_Data below_:
#####

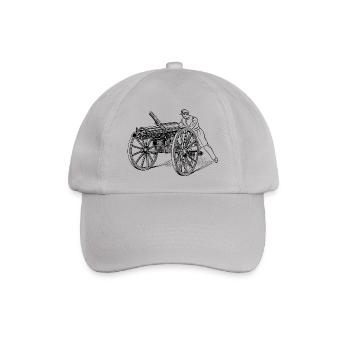 Kanone - Baseballkappe - Grau - Vorne
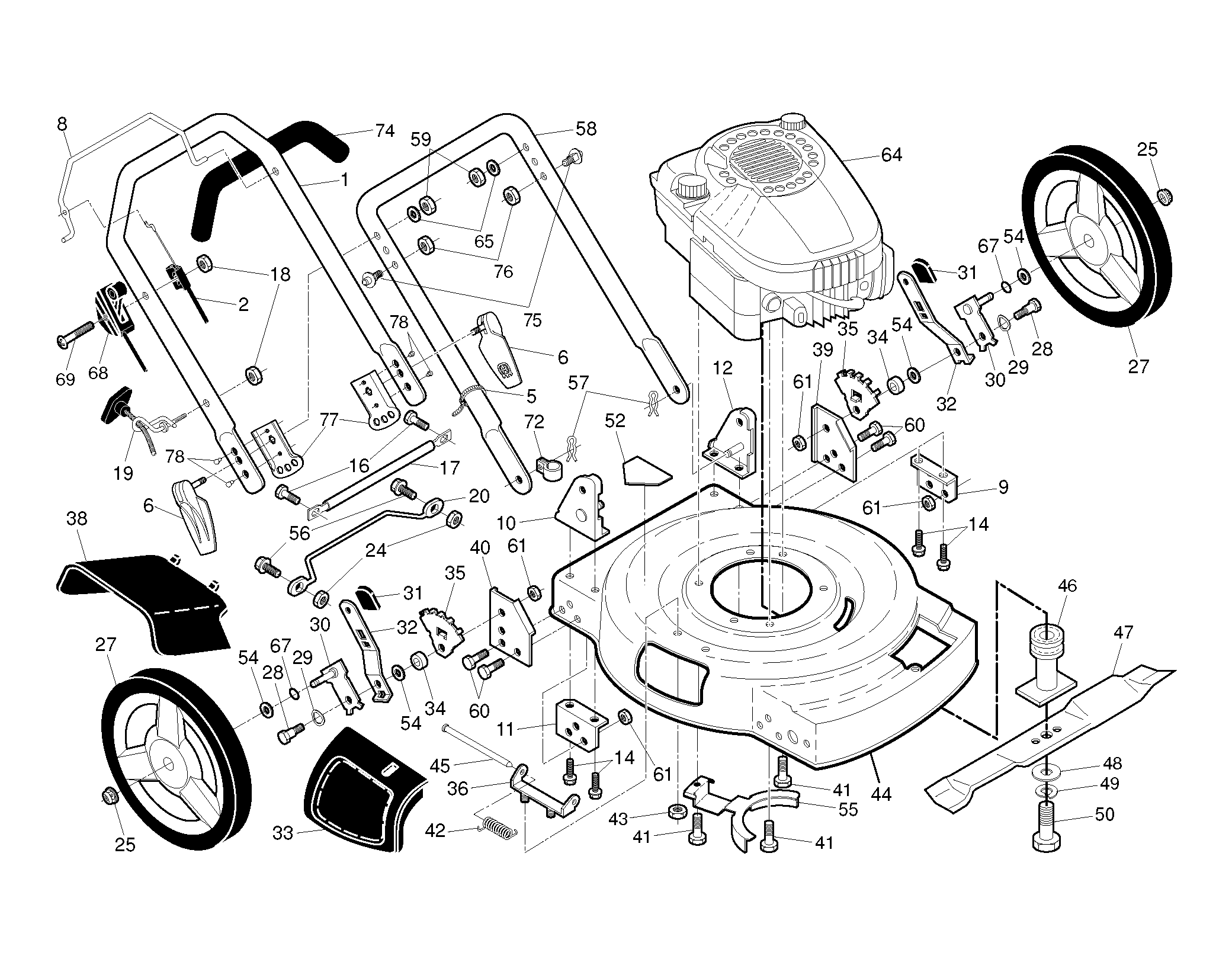 RAHMEN UND MOTOR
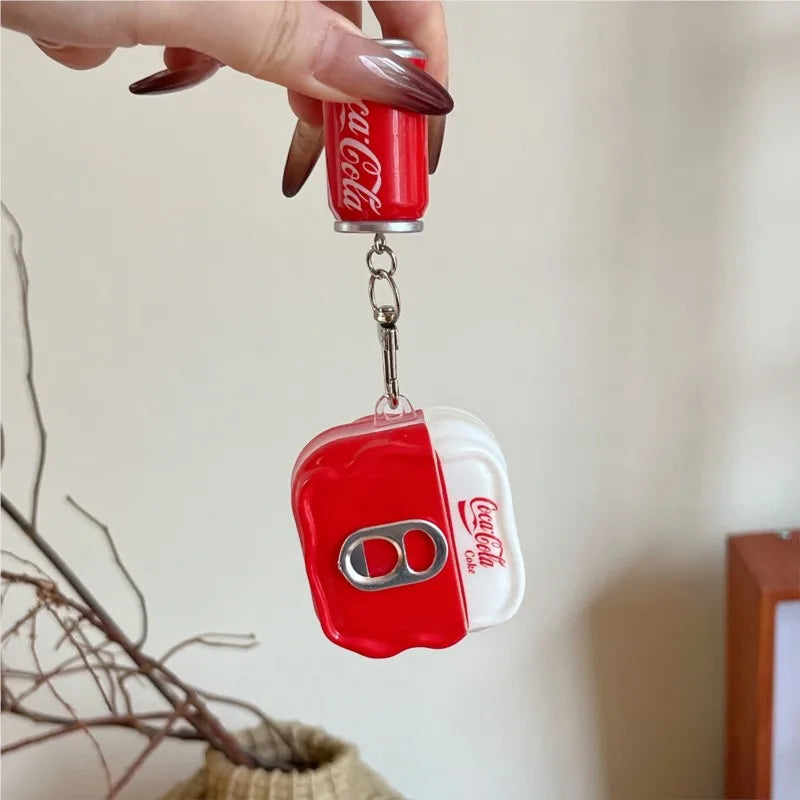 3D Fun Cola Earphone Men's Women's Protective Cover Suitable for Airpodspro3 pro2 pro Airpods4 3 2 1 Shockproof Protective Cover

#####

_Task item_: Omit pictures; set down the rest of the material word for word.

_Finished exercise_:
 Kanone - Baseballkappe - Grau - Vorne
 RAHMEN UND MOTOR
 3D Fun Cola Earphone Men's Women's Protective Cover Suitable for Airpodspro3 pro2 pro Airpods4 3 2 1 Shockproof Protective Cover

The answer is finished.